Ada kejahatan yang lebih kejam daripada membakar buku. Salah satunya adalah tidak membacanya, kata Joseph Brodsky peraih Nobel Sastra (1987).

Beberapa orang tidak datang dari kaum pembaca. Ia hanya menenteng buku untuk berlagak. Berpose secara menyedihkan di depan susunan buku setebal batu bata untuk menakut-nakuti kebodohan, sembari meneriakkan kepada dunia bahwa dia adalah seorang patriot pembaca.

Ia seolah seorang intelektual bukan main yang telah menghabiskan buku-buku itu dengan mudahnya. Ia bahkan tak sungkan membawa buku-bukunya ke kedai kopi, tapi berbicara sekelas komik.

Ada juga yang sudah ketakutan melihat buku sejak bayi. Baginya buku adalah teror. Ia tidak dilahirkan sebagai pembaca, mungkin penonton televisi atau pemanjat tiang bendera. Sayangnya teror buku akan menghantuinya ketika makin terpesona oleh gelar-gelar akademik. Karena buku sejatinya menjadi maha penting dalam masa persekolahan.

Tapi secara ajaib ia sampai juga kepada gelar-gelar itu. Mungkin ia telah menemukan kampus yang membiarkan mahasiswanya tidak menyentuh buku dengan sedikit kedipan mata. Dan seperti yang lainnya ia secara benar-benar menyedihkan, berpose dengan toga dan baju kebesaran wisuda, di depan sederet buku setebal batu bata piramida Giza.
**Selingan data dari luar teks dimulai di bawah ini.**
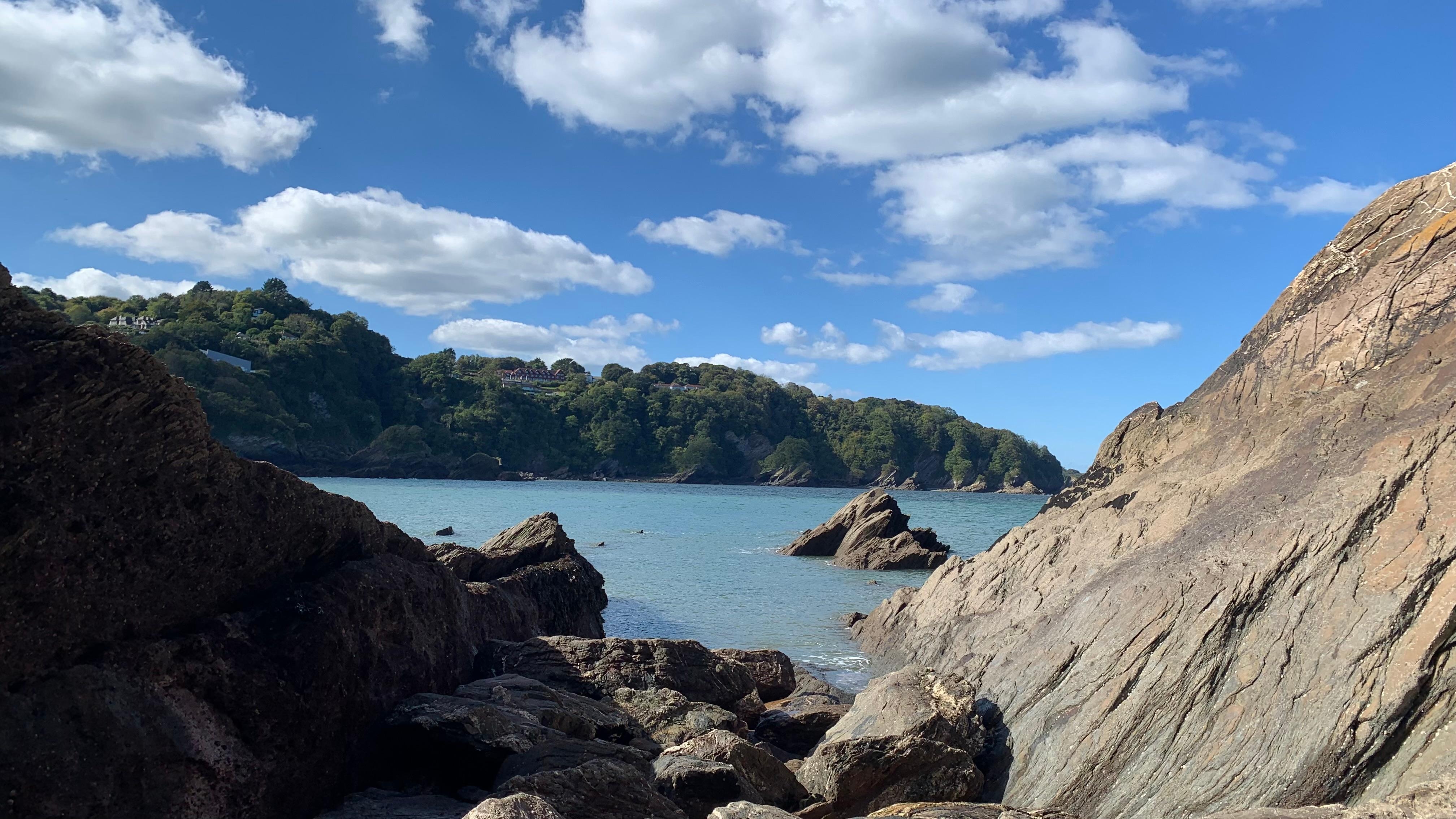 A walk along the pathway to the natural rock pools
And caves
Dan terakhir, ada pembaca buku yang harus ditolong. Dia ingin sekali membaca. Mengoleksi banyak buku, sayangnya ia tak punya kemampuan membaca yang baik. Keningnya berkernyit sejak mukadimah.
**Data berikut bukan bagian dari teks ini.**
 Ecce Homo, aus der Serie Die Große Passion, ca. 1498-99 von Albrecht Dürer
Ia ingin sekali menyerap kuat-kuat ilmu pengetahuan yang tersimpan di dalam buku-buku itu. Daya tangkap kognitifnya terlalu lemah, tapi ia punya semangat, hatinya melonjak begitu melihat buku. Orang ini harus didoakan dan spiritnya harus dikuatkan.

Pertanyaannya kemudian, siapakah yang masih membaca buku di abad digital ini? Untuk tidak menyebut mereka hanyalah orang-orang sisa. Umat milenial dan Gen Y terlihat sedang jauh dari buku. Kecuali memenuhi tugas-tugas persekolahan belaka.
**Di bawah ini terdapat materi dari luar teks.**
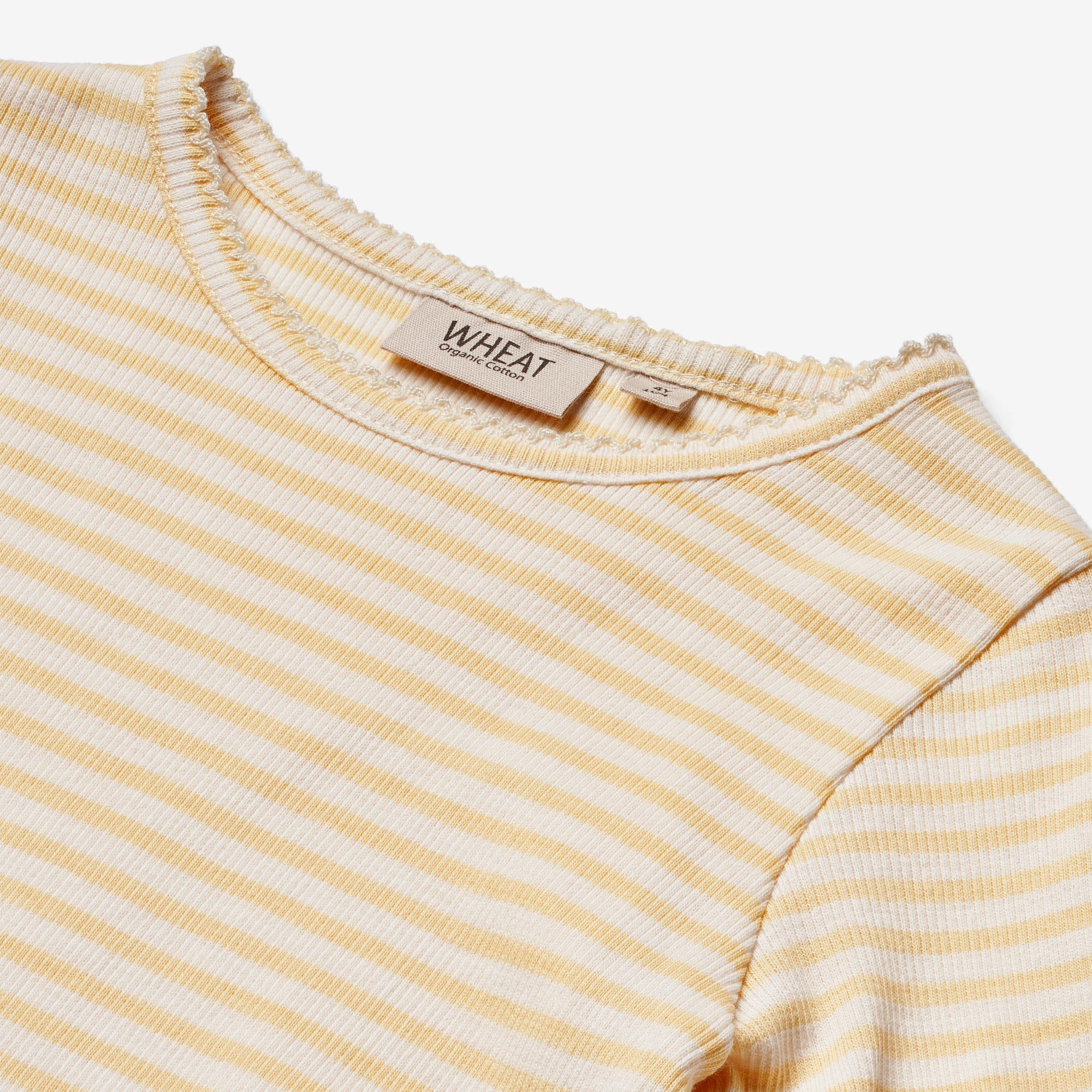 T-Shirt L/S Belis - pale apricot stripe - Image 3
Generasi sekarang menertawakan buku-buku sebagai warisan Ptolemaios. Mereka sempat tergoda membaca buku-buku dalam format digital, tapi siapa yang dapat bertahan lama menatap layar selama itu.

Bila manusia-manusia renaisans sanggup membeli buku seharga Roll Royce atau menukarnya dengan sepetak ladang gandum, karena langka dan berharganya buku di kala itu, generasi sekarang diberi gratis pun, banyak yang membuang muka.

Generasi kini jago bermain kata kunci, mereka seolah berdiam di dalam surga yang di bawahnya mengalir sungai-sungai data. Serta bebuahan informasi yang bisa langsung dipetik dari tangkainya.

Bila dari kita ada kaum pembaca yang teladan, pernah kah kita menghabiskan buku setebal batu bata, tanpa mengorban waktu-waktu penting dalam kesibukan repetitif dan kohesi sosial. Tidak banyak yang benar-benar menghabiskan buku-buku mereka, melebihi fungsinya sebagai penunggu rak-rak.

Ekstravaganza digitalisasi dan percakapan echo chamber di media sosial, telah merampas pembaca-pembaca dari buku-buku mereka. Apakah buku-buku di masa depan dan pembaca setianya akan punah, di tengah kedigdayaannya sebagai puncak dan pembuktian pencapaian intelektual bagi penulisnya.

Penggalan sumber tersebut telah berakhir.